Un billet de train ou d’avion vaudra dérogation

Pendant les quatre semaines au minimum du couvre-feu, aucun changement n’est prévu – à ce stade – concernant les horaires des trains et des avions. Les personnes dont le voyage est prévu après 21 heures pourront se rendre à la gare ou à l’aéroport sans problème. De fait, les billets de train ou d’avion «vaudront dérogation au couvre-feu», a indiqué jeudi le premier ministre Jean Castex. «Si vous avez votre train couchette, par exemple, ou un avion après 21 heures, si vous êtes muni de votre billet, de votre justificatif de transport, vous pourrez aller le prendre et ça vaudra dérogation», a-t-il assuré. Les billets remplaceront donc l’attestation indispensable pour sortir après 21 heures. Les voyageurs pourront aussi emprunter un taxi ou un VTC pour se rendre ou quitter une gare ou un aéroport. Là aussi, le billet aura valeur de dérogation.
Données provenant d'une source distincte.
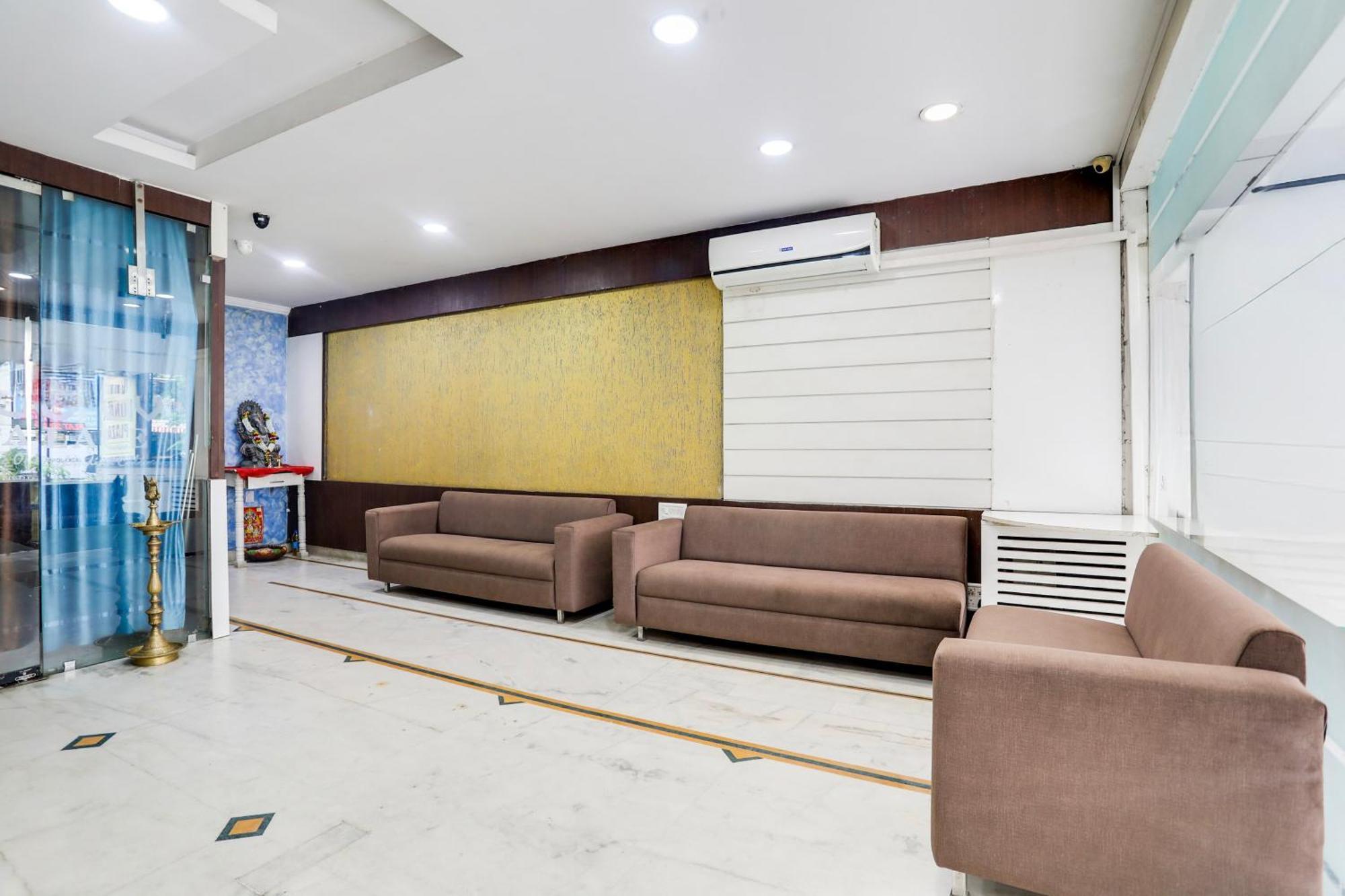 Super Collection O Mp Nagar Hotel Bhopal Bagian luar foto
Même fréquence des transports en commun

Les quelque 20 millions de personnes habitant en Île-de-France ou dans une des huit métropoles et munis d’une dérogation (de leur entreprise…) pourront également continuer à prendre les transports en commun (métro, bus, tramway, train) entre 21 heures et 6 heures du matin. « Nous allons évidemment maintenir tous les transports ouverts parce que malgré le couvre-feu il y aura beaucoup de Français qui vont se rendre au travail, des gens qui travaillent la nuit, en horaires décalés ne serait-ce que les personnels soignants », a expliqué jeudi Valérie Pécresse, la présidente d’Île-de-France Mobilités. Dans un premier temps, toutes les lignes de métro, bus, trains de banlieue ou tramway continueront à circuler avec la même fréquence qu’aujourd’hui. Mais des ajustements pourront être envisagés en fonction de leur fréquentation (réduction du nombre de trains, fermeture de stations). «Nous apprécierons en fonction de la fréquentation, de la jauge et des impératifs du couvre-feu comment nous adaptons le service, a indiqué Valérie Pécresse. Ce sera aussi en fonction de la réussite de ce couvre-feu, parce qu’il va falloir le faire respecter et ce ne sera pas forcément très facile», a-t-elle reconnu.

Bien que le nombre de personnes utilisant les transports en commun en Île-de-France ait déjà diminué, certains s’inquiètent d’un regain d’affluence entre 20 heures et 21 heures, juste avant l’entrée en vigueur du couvre-feu. Pour éviter de tels engorgements et limiter la circulation du virus, Jean Castex a invité les entreprises à définir «un nombre minimal» de jours de télétravail par semaine. Quant à la fonction publique et aux administrations, elles devront mettre en place une organisation permettant deux à trois jours de télétravail hebdomadaire.